HYBRID EVENT: You can participate in person at Rome, Italy or Virtually from your home or work.
Speaker at International Alzheimer’s Disease & Dementia Conference 2022 - Kesheng Wang
West Virginia University, United States
Title : Utilizing feature selection to identify proteomic biomarkers for support vector machine learning-based classification of Alzheimer’s disease


Background: Proteins play an important role in disease pathways and drug-target discovery. The most widely used biomarkers for Alzheimer’s disease (AD) include the apolipoprotein E (APOE) protein, the clinical cerebrospinal fluid (CSF) protein biomarkers of Aβ plaques (Aβ42), the biomarkers of pathologic tau (total tau-tTau and phosphorylated tau-pTau), and the biomarkers of neurodegeneration injury (such as MRI). There is a critical need to develop machine learning (ML) approaches in translating univariate biomarker findings into clinically useful multivariate decision support systems. This study aimed to perform feature selection of proteomic biomarkers for support vector machine (SVM) learning-based classification of AD.

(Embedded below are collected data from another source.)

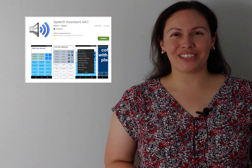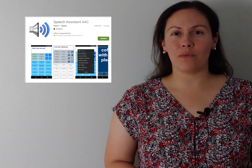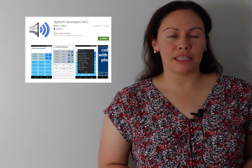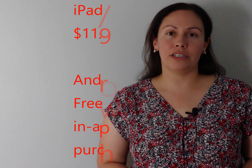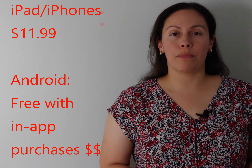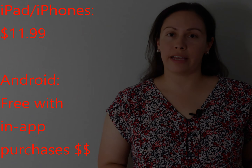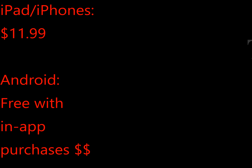As an alternative communication method, I want to demo an app called Speech Assistant AAC, which is available on both Apple mobile devices as well as Android-based devices.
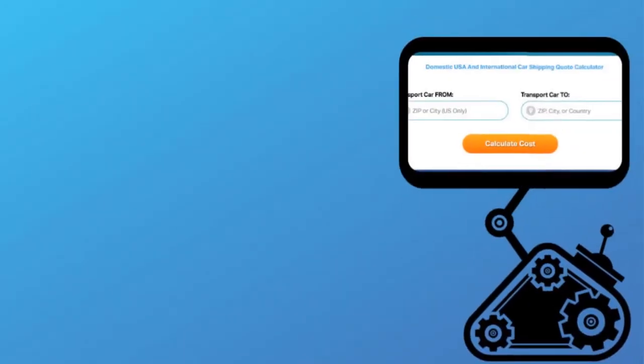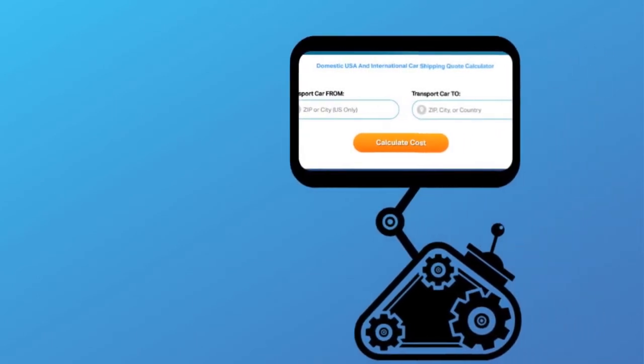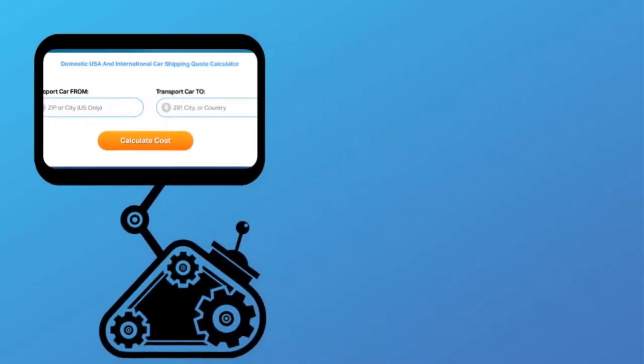Fill out the form to get a no obligation free quote online or call us at 1-800-452-2880.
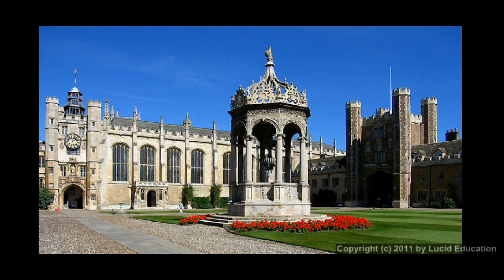Near one of the gates, they have an apple tree. This is supposedly a descendant of the apple tree from which the apple fell, which prompted Newton to think about gravity. We don't know that for sure, but that's what they claim.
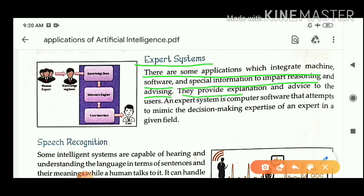Expert systems provide explanation and advice to users. Suppose you got a project from your school and you don't know how to make that project. You go to your parents or an expert in that field, and they will explain and advise you how to make that project. Similarly, expert systems provide explanation and advice to users.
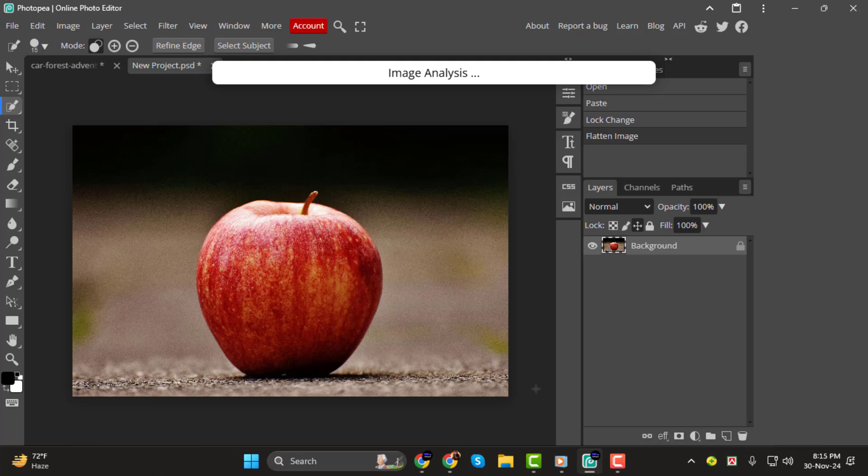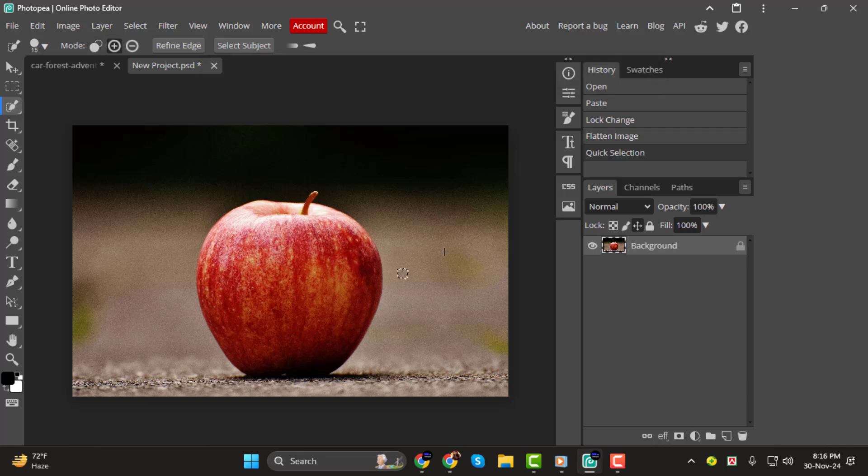Step 1, use the quick selection tool to make your selection. Simply click and drag over the area you want to select.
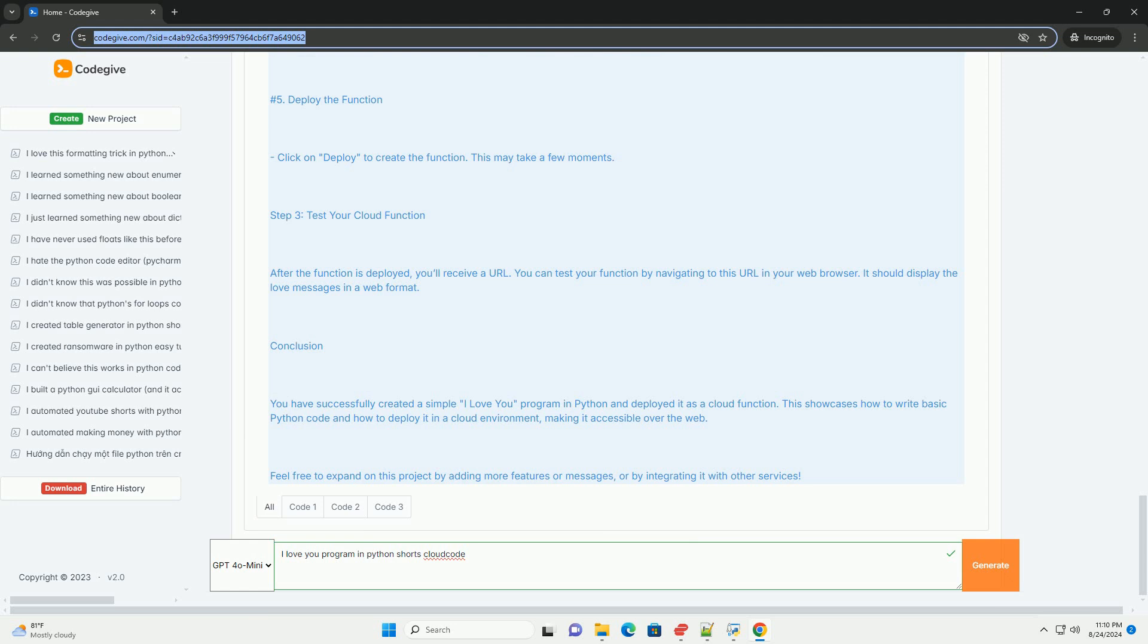Conclusion. You have successfully created a simple I love you program in Python and deployed it as a cloud function. This showcases how to write basic Python code and how to deploy it in a cloud environment, making it accessible over the web. Feel free to expand on this project by adding more features or messages, or by integrating it with other services.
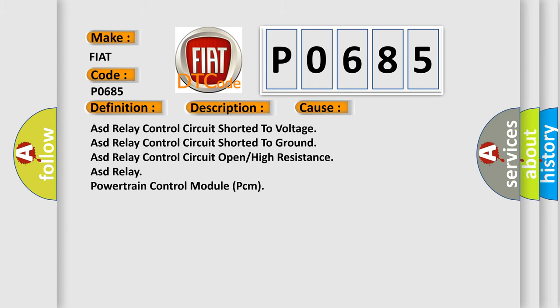ASD relay control circuit shorted to voltage, ASD relay control circuit shorted to ground, ASD relay control circuit open or high resistance, ASD relay, powertrain control module PCM.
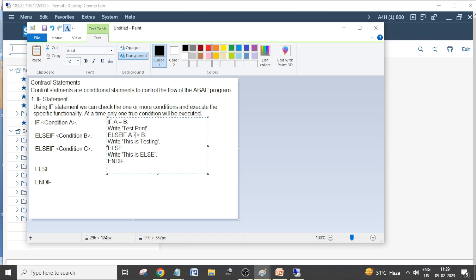For the not-equal-to operator you can use the symbol or you can also use NE in general English. For equal to you can use EQ. It will automatically convert into that symbol in the background. But it is always better to use symbols directly so that the program doesn't need to convert the English letter into a symbol. You can use any operator: greater than, less than, less than or equal to, greater than or equal to. You can also use BETWEEN for comparison, and many comparison operators like CP, NP, and more.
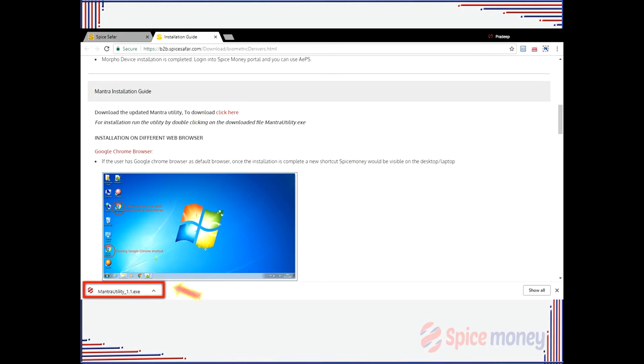After the download is completed, the agent can now install the drivers by clicking the downloaded file.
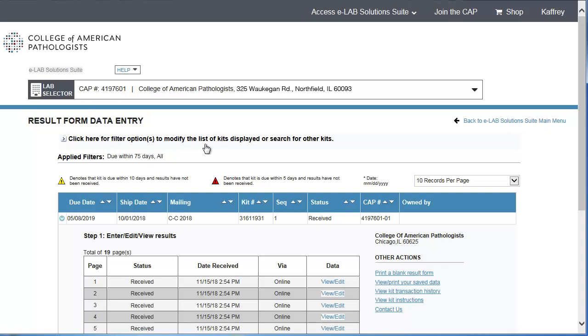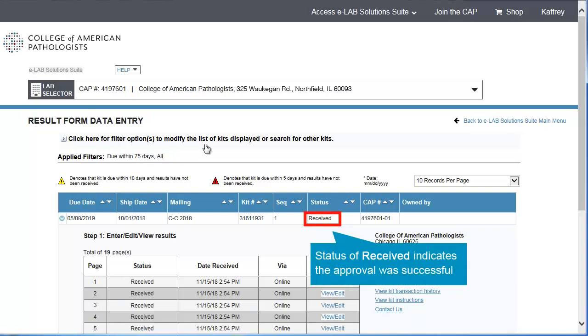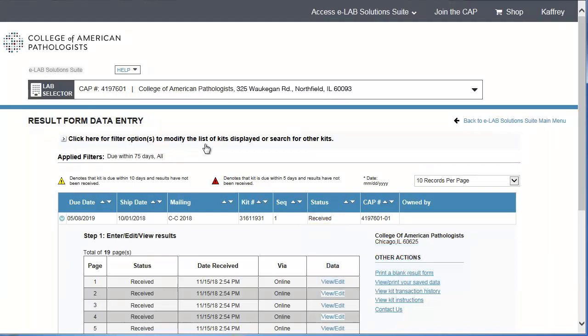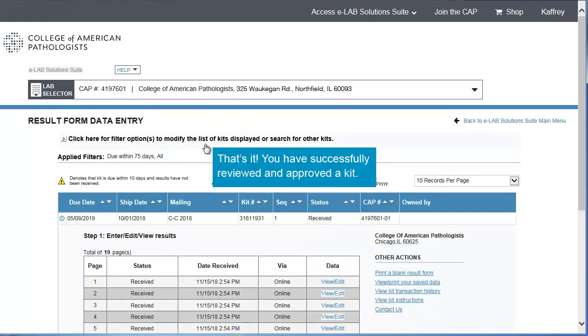If the approval is successful, the Result Form Detail Screen Status column will display Received for that kit. That's it! You have successfully reviewed and approved a kit.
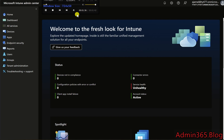To disable widgets on Windows 11 devices using Intune, you can create a configuration profile with a policy setting that turns off the widgets feature. Here's how to do it.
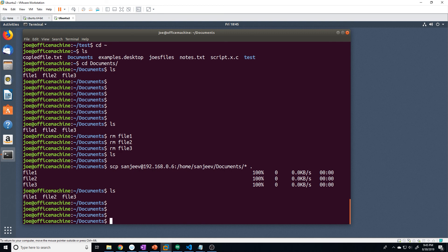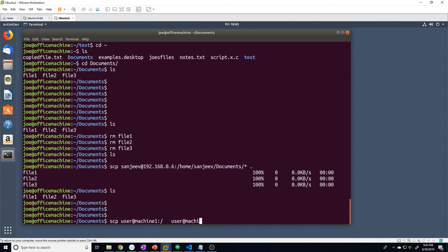One neat trick about scp: you don't have to be on either machine involved in the transfer. You can copy a file from one remote machine and send it directly to a completely different remote machine. Just do: scp user@machine1:/path/to/file user@machine2:/destination/path. As long as you have a valid user account on both machines, you can do that. That's pretty much everything for the scp command — it's a very simple command but one you'll use a lot.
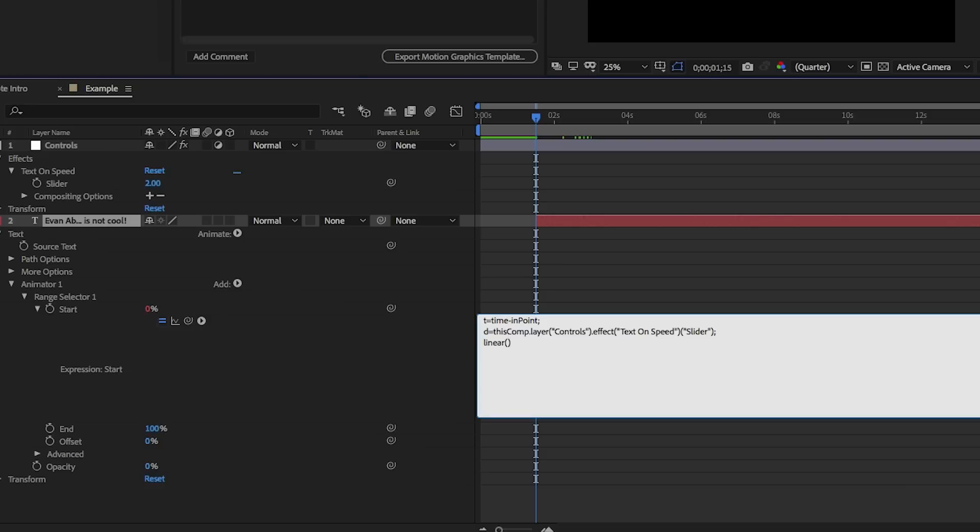And we type in linear, and linear is an interpolation expression. Basically, linear allows us to remap one set of values to another. It's very similar to the ease expression, or the ease in, or the ease out. These are just methods of remapping values to other values. So we put our parentheses, and then we type in T, because we're going to be referencing T as the thing that we're remapping. That's the input.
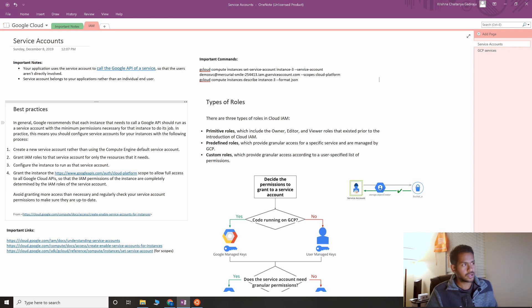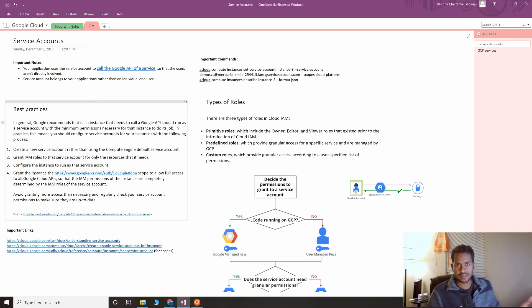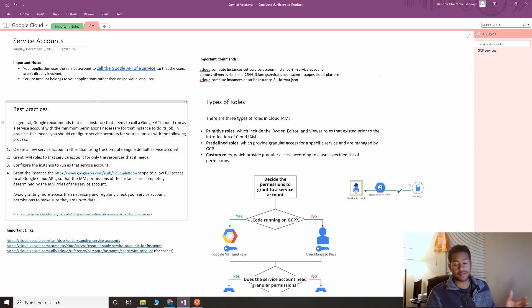The service accounts we're talking about in the demo are what we're going to create manually - user-based service accounts where you define exactly what permissions you want to give, so that the VM using the service account can perform specific operations. What Google recommends as a best practice is that you create your own service account rather than using the default service account, and define specific roles to give to that service account.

Methods: A total of 162 non-Hispanic Whites, including 109 with AD and 53 with cognitive normal functioning (CN), were selected from the Alzheimer's Disease Neuroimaging Initiative (ADNI) cohort. 146 proteomic  biomarkers were from an ADNI subset of “Biomarkers Consortium Plasma Proteomics Project RBM multiplex data.”  The Z score was computed for each protein using the mean and standard deviation. An independent samples t-test was used to compare the means in each protein level between AD and CN. Variable cluster analysis using the first principal component (oblique principal component cluster analysis-OPCCA) was used to divide proteomic biomarkers into disjoint clusters. Random forest (RF) was used to test relative predictive importance of biomarkers. The SVM algorithm (linear kernel, radial kernel, and polynomial kernel) was applied to develop a model to predict AD.

Results: The independent t-test revealed that there were significant differences between AD and CN in 44 proteomic biomarkers. The top 9 biomarkers of the 146 analyzed with RF feature importance (BNP, ApoAII, SGOT, A1Micro, ApoE, Calcitonin, Eotaxin3, Vitronectin, and IP10) revealed the optimal model with accuracy of 0.7897 and Kappa of 0.4065, while the top 5 of 44 AD-associated biomarkers (BNP, ApoE, A1Micro, PLGF, and PAPPA) revealed an optimal model with accuracy of 0.8694 and Kappa of 0.6753. Furthermore, the radial kernel model in SVM based on the top 5 of the 44 AD- associated features analyzed had accuracy of 0.8617, Kappa of 0.6658, ROC of 0.8791, sensitivity of 0.7967, and specificity of 0.8461, slightly better than the model produced with the top 9 protein biomarkers selected by RF. After adding 3 clinical CSF biomarkers (Aβ42, tTau and pTau) to the top 5 AD associated biomarkers, the polynomial kernel SVM model provided the optimal model with accuracy of 0.9572, Kappa of 0.9088, ROC of 0.9871, sensitivity of 0.9383, and specificity of 0.9076. Finally, the OPCCA clustered 44 AD-associated biomarkers plus 3 clinical CSF biomarkers into 13 clusters, where tTau and pTau were in one cluster, and Aβ42 with ApoE and ApoAII were in another cluster.

Conclusions: The model using both RF-selected proteomic biomarkers and clinical CSF biomarkers has the potential in predicting AD.

Keywords: Alzheimer’s disease; proteomics; biomarkers; machine learning; random forest; support vector machine

What will audience learn from your presentation?

  • ·This study aimed to identify proteomic biomarkers for support vector machine learning-based classification of Alzheimer’s disease (AD).
  • The audience will understand the application of machine learning techniques in predicting AD and in clinical diagnosis.
  • The audience can use these techniques in their research or teaching.
  • Feature selection will help improve the efficiency of classification of AD using machine learning.


Dr. Kesheng Wang is an Associate Professor in Biostatistics at the School of Nursing, West Virginia University. Dr. Wang received his PhD in 2001 from Georg-August-University of Goettingen, Germany. As a postdoctoral fellow, Dr. Wang obtained advanced training in Biostatistics (including Genetic Epidemiology and Statistical Genetics) at the Hospital for Sick Children and University of Toronto, Canada. His research interests focus on theory and application of biostatistics, behavioral epidemiology, and genetic epidemiology/statistical genetics. Dr. Wang has published more than 150 scientific papers.